**Action item**.
Would you retype exactly the lines below, from the one containing "an-mar bow bowtie" through the end of the entries, both ends included, but not the pictures?

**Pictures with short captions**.

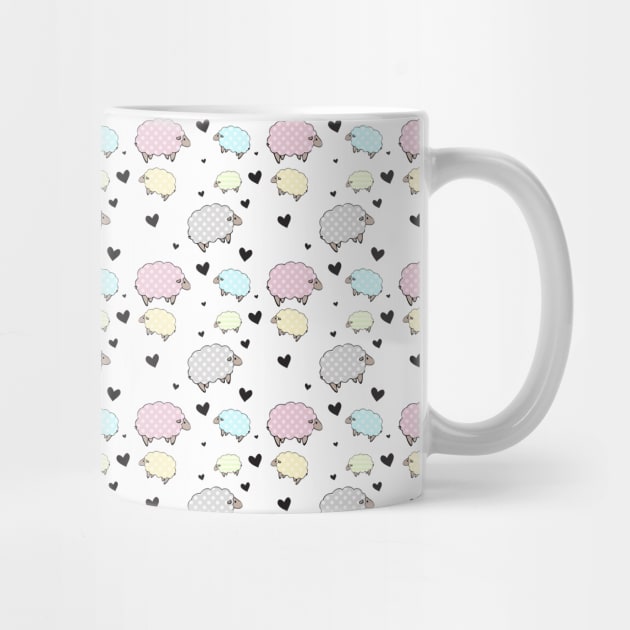 Pastel Polkadot Sheep and Hearts by tanyadraws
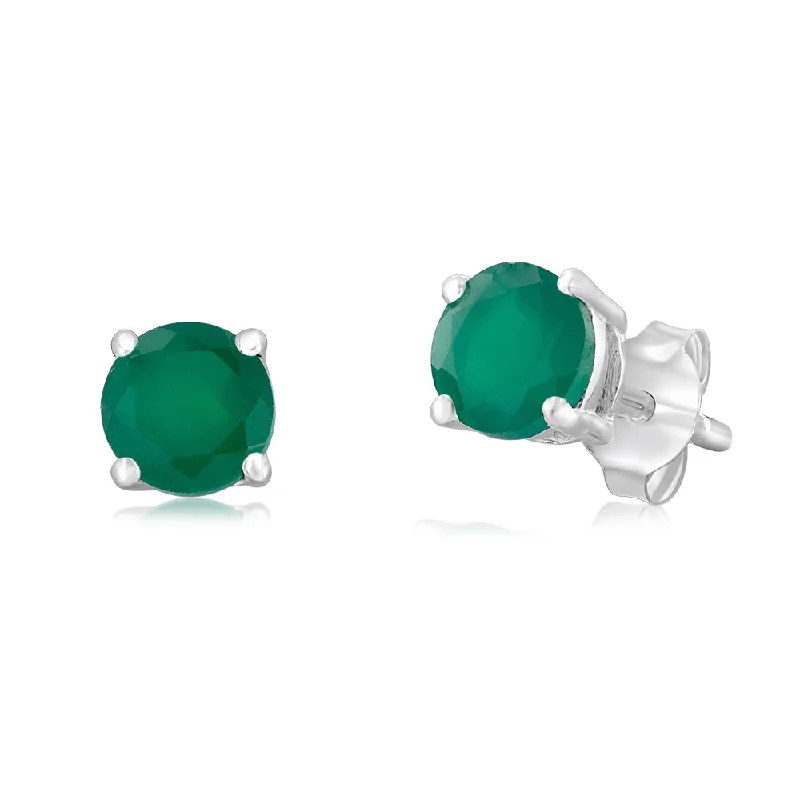 Chic Silver Earrings For Stylish Women-Sterling Silver Natural Emerald 5mm Stud Earrings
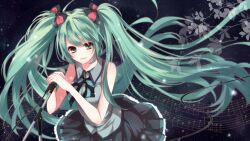  an-mar bow bowtie commentary_request female green_eyes green_hair hatsune_miku highres long_hair microphone microphone_stand musical_note skirt solo twintails very_long_hair vocaloid 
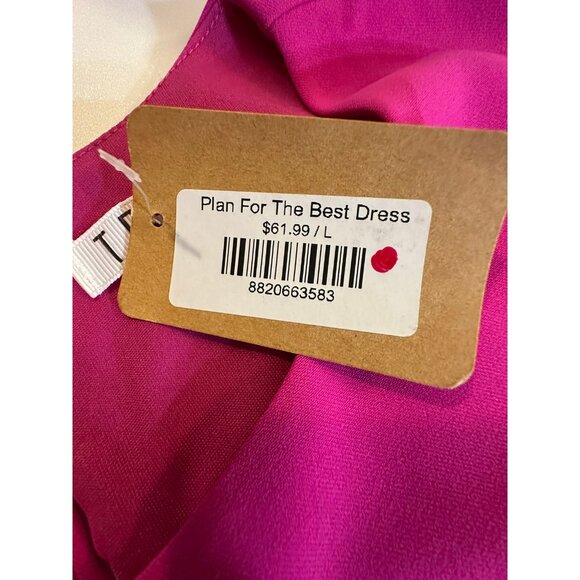 Bold Pink Pleated Tier Party Dress L – Holiday Glam Giftable Statement Look - Picture 7 of 7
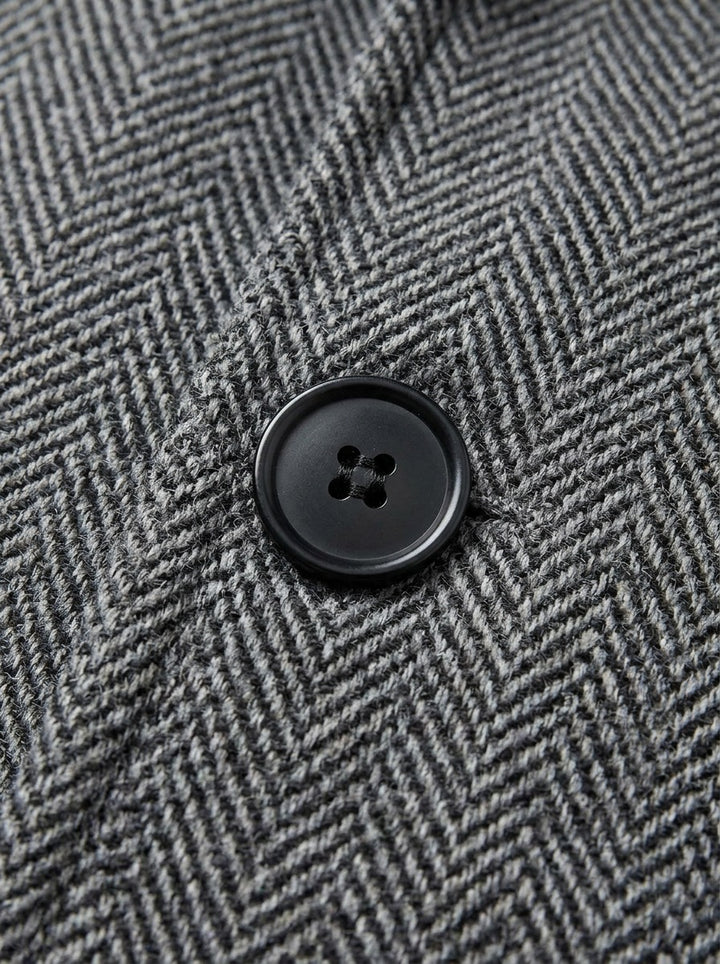 Crandall herringbone overcoat, fabric close up, Gentlemens Manor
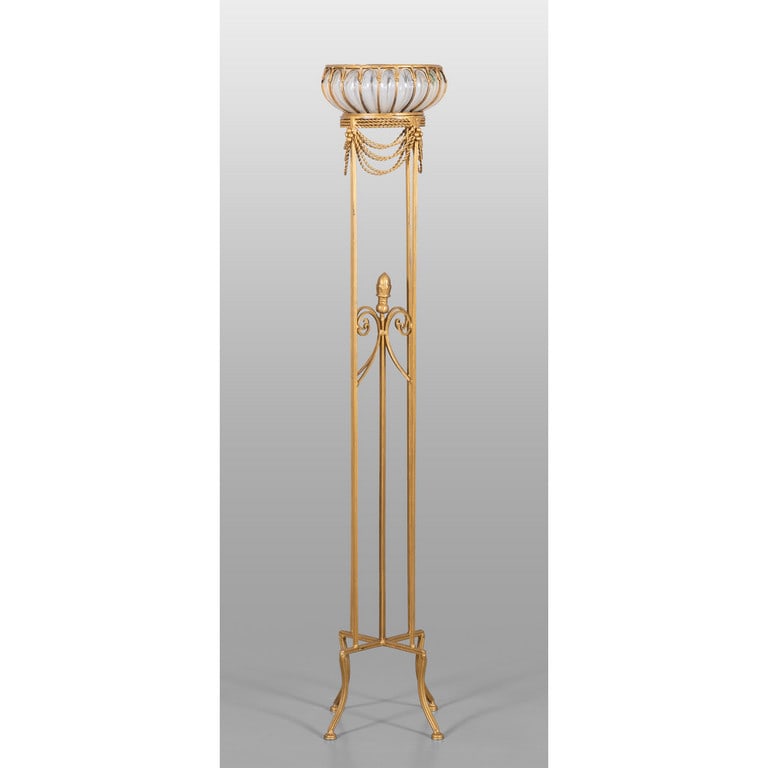 Portavaso in ferro dorato e vetro, (1 of 1)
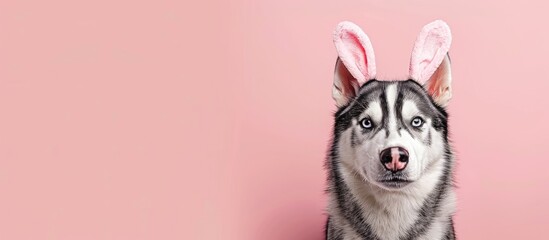 Sticker - Husky dog wearing bunny ears on pink backdrop suitable for Easter celebrations with copy space image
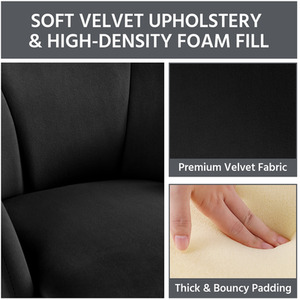 Black Yaheetech Flower Shape Vanity Chair Accent Chair shot 6213448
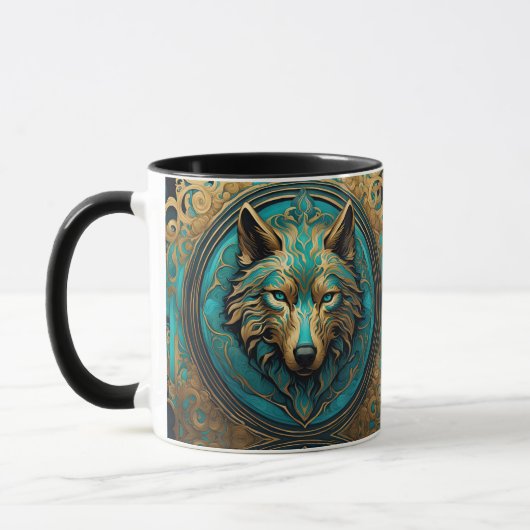 Wolfskopf Gold und Türkis Tasse (Links)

**Exercise answer**.
  an-mar bow bowtie commentary_request female green_eyes green_hair hatsune_miku highres long_hair microphone microphone_stand musical_note skirt solo twintails very_long_hair vocaloid 
 Bold Pink Pleated Tier Party Dress L – Holiday Glam Giftable Statement Look - Picture 7 of 7
 Crandall herringbone overcoat, fabric close up, Gentlemens Manor
 Portavaso in ferro dorato e vetro, (1 of 1)
 Sticker - Husky dog wearing bunny ears on pink backdrop suitable for Easter celebrations with copy space image
 Black Yaheetech Flower Shape Vanity Chair Accent Chair shot 6213448
 Wolfskopf Gold und Türkis Tasse (Links)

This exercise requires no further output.